Interior point solutions
The interior point algorithm uses a single feasibility tolerance $\epsilon=\min(\epsilon_P, \epsilon_D)$, and an independent optimality tolerance ($\epsilon_{IPM}$) that, by default, is (currently) ten times smaller than the other feasibility and optimality tolerances used by HiGHS. It terminates when
\[\begin{aligned} \|Ax-b\|_\infty&\le(1+\|b\|_\infty)\epsilon_R\\ \|c-A^Ty+s\|_\infty&\le(1+\|c\|_\infty)\epsilon_C\\ -x_i&\le\epsilon\qquad\forall i=1,\ldots,n\\ -s_i&\le \epsilon\qquad\forall i=1,\ldots,n\\ |c^Tx-b^Ty|&\le(1+|c^Tx+b^Ty|/2)\epsilon_{IPM}. \end{aligned}\]
PDLP solutions
The PDLP algorithm uses an independent optimality tolerance ($\epsilon_{PDLP}$) that is equal to the other feasibility and optimality tolerances used by HiGHS. It determines values of $x\ge0$ and $y$, and chooses $s$ to be the non-negative values of $c-A^Ty$. Hence it guarantees primal and dual feasibility by construction. It terminates when
\[\begin{aligned} \|Ax-b\|_2&\le (1+\|b\|_2)\epsilon_P\\ \|c-A^Ty-s\|_2&\le (1+\|c\|_2)\epsilon_D\\ |c^Tx-b^Ty|&\le (1+|c^Tx|+|b^Ty|)\epsilon_{PDLP}. \end{aligned}\]
HiGHS solutions
The relative measures used by PDLP and IPX assume that all components of the cost and RHS vectors are relevant. When an LP problem is in standard form this is true for $b$, but not necessarily for the cost vector $c$. Consider a large component of $c$ for which the corresponding reduced cost value in $s$ is also large, in which case the LP solution is insensitive to the cost. This component will contribute significantly to $\|c\|$ and, hence, the RHS of the dual residual condition, allowing large values of $\|c-A^Ty-s\|$ to be accepted. However, this can lead to unacceptably large absolute residual errors and non-optimal solutions being deemed "optimal". When equations in $Ax=b$ correspond to inequality constraints with large RHS values and a slack variable (so the constraint is redundant) the same issue occurs in the case of primal residual errors. The solution of the LP is not sensitive to this large RHS value, but its contribution to $||b||$ can allow large absolute primal residual errors to be overlooked.

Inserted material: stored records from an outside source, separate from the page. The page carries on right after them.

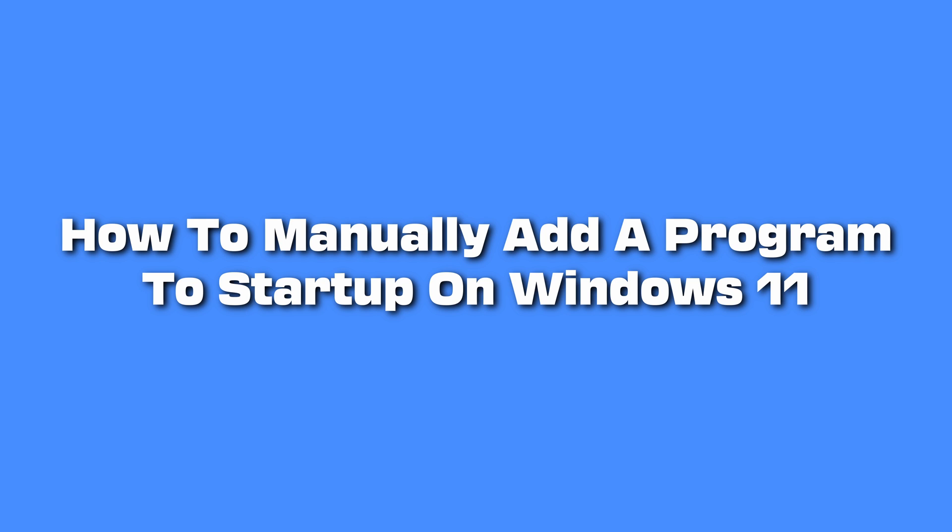We'll walk you through how you can add a program to your Windows startup so that it can open as soon as you log in.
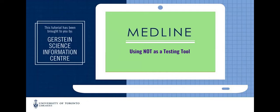In this screencast, I'll show you how the NOT operator can be used to make decisions about your search strategy when you're considering multiple approaches.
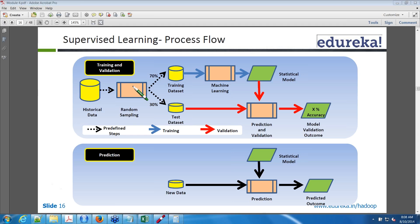The remaining 25% covers unsupervised learning and recommendations, but most of the work is supervised learning. Now we have historical data. There are two important things: independent variables and dependent variables. The target variable is the dependent variable, and the features used for prediction are also called predictor variables or independent variables.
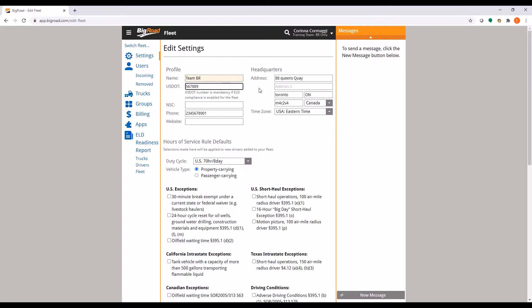If you are running an ELD fleet, it is mandatory to enter your DOT number and enable ELD for your fleet.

To make an informed assessment of whether an "optimal" solution obtained by IPX or PDLP is acceptable, HiGHS computes infinity norm measures of $b$ and $c$ corresponding to the components that define the optimal solution. For $c$ these are the components corresponding to positive values of $x$ and reduced costs that are close to zero. For $b$, these are the components corresponding to constraints that are (close to being) satisfied exactly. The resulting measures are smaller than $\|b\|$ or $\|c\|$, and may lead to relative measures of primal/dual residual errors or infeasibilities not being satisfied, so the status of the solver's "optimal" solution may be reduced to "unknown". When this happens - and possibly if tolerances on relative measures have been satisfied - users can consult the absolute and relative measures available via HighsInfo.

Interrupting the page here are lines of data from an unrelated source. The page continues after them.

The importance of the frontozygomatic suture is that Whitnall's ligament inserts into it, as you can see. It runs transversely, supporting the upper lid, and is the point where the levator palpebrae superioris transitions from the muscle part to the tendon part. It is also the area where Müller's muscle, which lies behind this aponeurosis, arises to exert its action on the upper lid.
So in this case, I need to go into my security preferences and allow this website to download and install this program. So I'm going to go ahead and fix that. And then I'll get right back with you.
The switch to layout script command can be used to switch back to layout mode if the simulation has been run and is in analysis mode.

Discrete optimization problems
Discrete optimization problems, such as the mixed-integer programming (MIP) problems solved by HiGHS, have no local optimality conditions. Variables required to take integer values will do so to within the mip_feasibility_tolerance
. Since MIP sub-problems are solved with the simplex solver, the values of the variables and constraints will satisfy absolute feasibility tolerances. Within the MIP solver, the value of mip_feasibility_tolerance
is used for primal_feasibility_tolerance
when solving LP sub-problems, and one tenth of this value is used for dual_feasibility_tolerance
. Hence any value of primal_feasibility_tolerance
(or dual_feasibility_tolerance
) set by the user has no effect of the MIP solver.